(Stored items)
'''
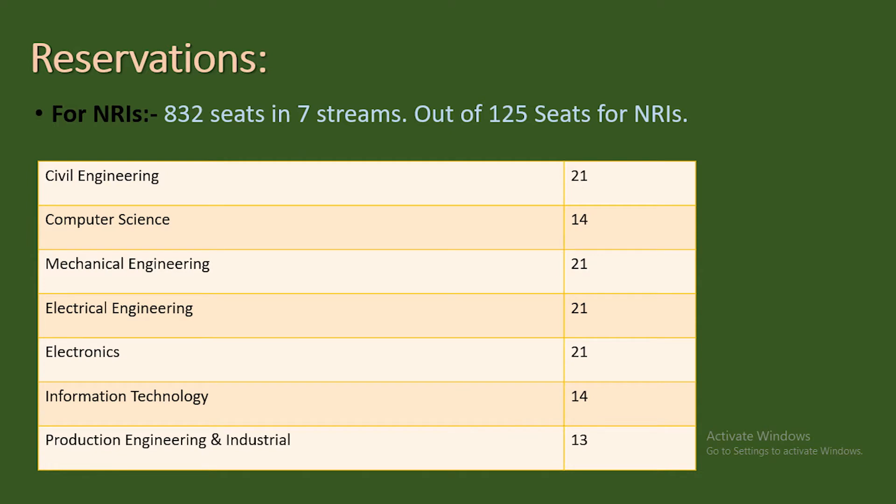Regarding NRI quota, admissions to various undergraduate courses are offered under the DASA scheme. There are a total of around 832 seats across seven streams in undergraduate courses, and from these 832 seats, around 125 seats are reserved for NRI candidates — approximately 15 percent. Branch-wise, about 21 seats are reserved in Civil Engineering, and 14 seats in Computer Science for NRIs.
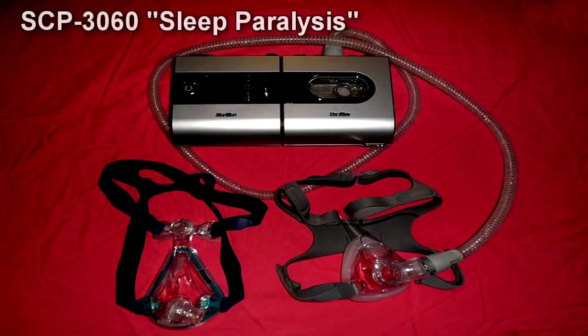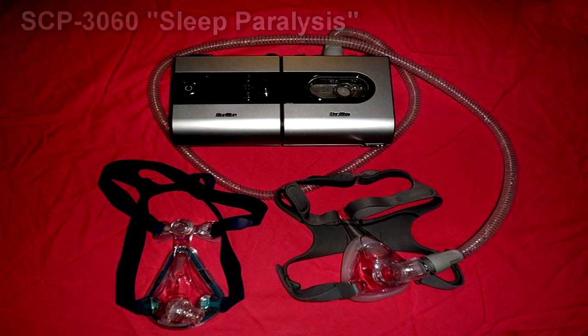In the event of SCP-122-1 manifestation, 35 members of site personnel assigned to enact containment are to be deployed outside the containment chamber. If it becomes hostile, Procedure 99-RINMAR is to be enacted. Due to potentially disastrous side effects in the event of cross-contamination, at no point are SCP-122 and instances of SCP-3060 to be stored in the same facility.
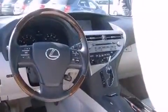Lexus ensures the safety and security of its passengers with equipment such as dual front impact airbags, front and rear side impact airbags, traction control, brake assist, anti-whiplash front head restraints, an ignition disabling system, and an emergency communication system.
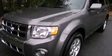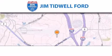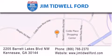This vehicle won't last long at this price. Call and arrange a test drive now. Jim Tidwell Ford is located at 2205 Barrett Lakes Boulevard in Kennesaw. Our goal is to exceed all of your expectations to ensure that you'll return for future visits.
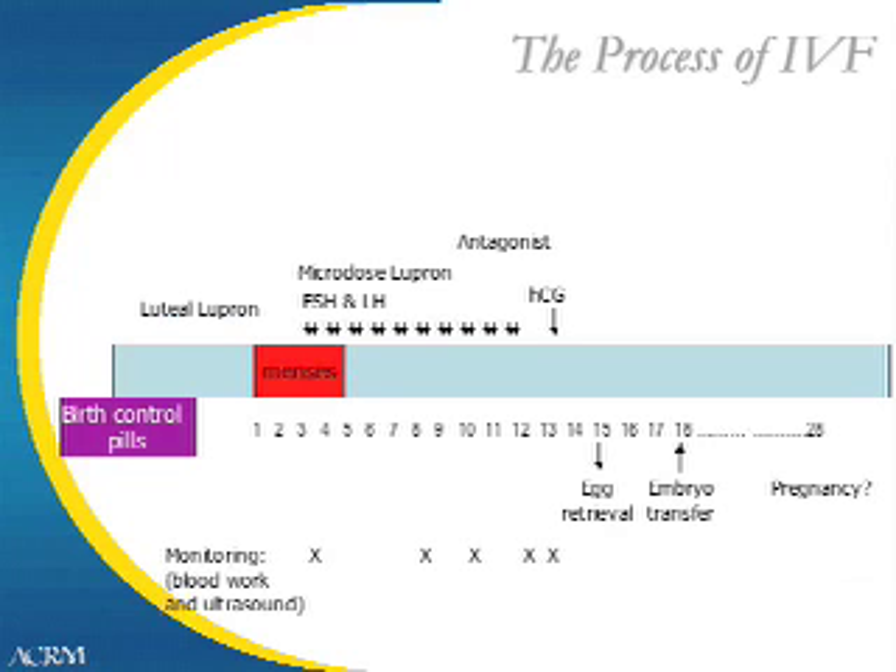During this time, frequent monitoring with ultrasound and blood work will be done to make sure you are responding to the medications appropriately. When the follicles are large enough, ovulation will be triggered with a final injection of HCG. 35 hours later, the egg retrieval will be done under anesthesia in our procedure room.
'''
- _Task details_:
Write out, exactly as they stand, the line with "In the event of SCP-122-1" and every line after it through the end of the entries above; omit the pictures.

- _Exercise solution_:
In the event of SCP-122-1 manifestation, 35 members of site personnel assigned to enact containment are to be deployed outside the containment chamber. If it becomes hostile, Procedure 99-RINMAR is to be enacted. Due to potentially disastrous side effects in the event of cross-contamination, at no point are SCP-122 and instances of SCP-3060 to be stored in the same facility.
Lexus ensures the safety and security of its passengers with equipment such as dual front impact airbags, front and rear side impact airbags, traction control, brake assist, anti-whiplash front head restraints, an ignition disabling system, and an emergency communication system.
This vehicle won't last long at this price. Call and arrange a test drive now. Jim Tidwell Ford is located at 2205 Barrett Lakes Boulevard in Kennesaw. Our goal is to exceed all of your expectations to ensure that you'll return for future visits.
During this time, frequent monitoring with ultrasound and blood work will be done to make sure you are responding to the medications appropriately. When the follicles are large enough, ovulation will be triggered with a final injection of HCG. 35 hours later, the egg retrieval will be done under anesthesia in our procedure room.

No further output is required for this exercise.